Given material.
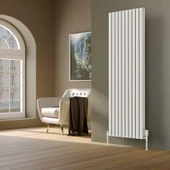 Lojimax Alüminyum Çift Panel Dikey Radyatör Bella Double 1800x286mm 5 Dilim Dokulu Antrasit Gri | 1620 W Yüksek Isıl Güç | 5 Yıl Üretici Garantisi thumbnail 3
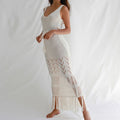 Solid Hollow Out Tassel Dress - DippedShop Wholesale - #9763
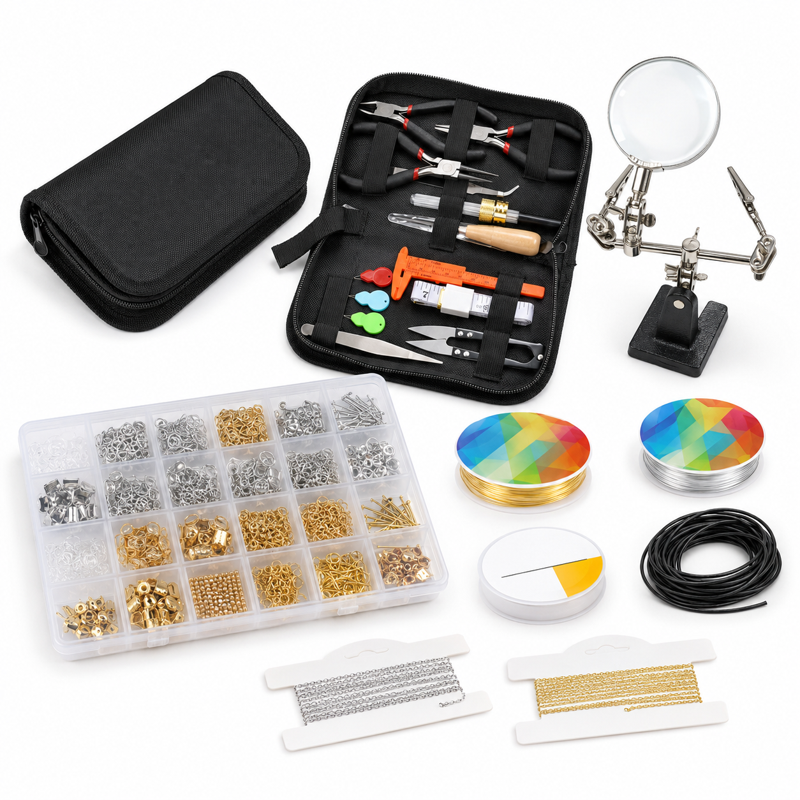 Jewelry Making Kit for Adults - Tools, Charms, Wires & Findings, All-Inclusive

Exercise instructions. Please retype the data exactly, but do not carry over any picture.

Response to the task.
 Lojimax Alüminyum Çift Panel Dikey Radyatör Bella Double 1800x286mm 5 Dilim Dokulu Antrasit Gri | 1620 W Yüksek Isıl Güç | 5 Yıl Üretici Garantisi thumbnail 3
 Solid Hollow Out Tassel Dress - DippedShop Wholesale - #9763
 Jewelry Making Kit for Adults - Tools, Charms, Wires & Findings, All-Inclusive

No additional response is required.